Prereqs
- On Arista 7060‑CX‑32S‑R for GPU‑04 only: enable lossless RoCEv2 on GPU‑04’s ports and matching FlashBlade uplinks
- MTU ≈ 9214, PFC priority 3, DCBX IEEE, QoS trust DSCP
- Use scripts/arista_eos_gpu04_template.txt, replace placeholders with real port IDs, apply, then verify:
- show priority-flow-control interfaces
- show dcbx interface detail
- show interfaces counters queues
- De‑bond GPU‑04’s two 100G interfaces so they are discrete (RDMA disallows LACP on data paths).
- Ensure FlashBlade export is available (default /fsaai-shared) on 10.7.182.0/24 and DNS s500-data.fsaai.lab resolves to data VIPs (10.7.182.60–.63).
Configure env for GPU‑04
- Edit env/fsaai-gpu-04.env:
- Set IFACE0=<100G interface name> (not the bond) and HOST_IP0=<unused 10.7.182.x/24>
- Optionally add IFACE1 and HOST_IP1 for dual-path later
- Optionally pin FB_VIP0/FB_VIP1 (else DNS round robin is used)
Run setup and validation
- make init
- sudo bash scripts/fb_rdma_setup.sh --env env/fsaai-gpu-04.env
- sudo bash scripts/fb_rdma_validate.sh --env env/fsaai-gpu-04.env
What success looks like
- nfsstat -m shows mounts with proto=rdma and vers=3
- 8972-byte pings succeed to the FB VIP(s) from the matching interface(s)

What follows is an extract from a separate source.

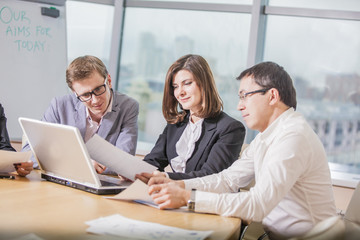 Business people working together in meeting room, a business team of three in office and planning work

- The I/O smoke test completes without errors
Cleanup (optional)
- sudo bash scripts/fb_rdma_cleanup.sh --env env/fsaai-gpu-04.env
Notes
- RDMA detection is vendor-agnostic (proceeds if ibv_devices lists any HCA).
- The scripts fail fast if a specified RDMA interface is part of a bond/team.
- Defaults align to the lab doc: 10.7.182.0/24 data, s500-data.fsaai.lab, /fsaai-shared, MTU=9000, nconnect=4.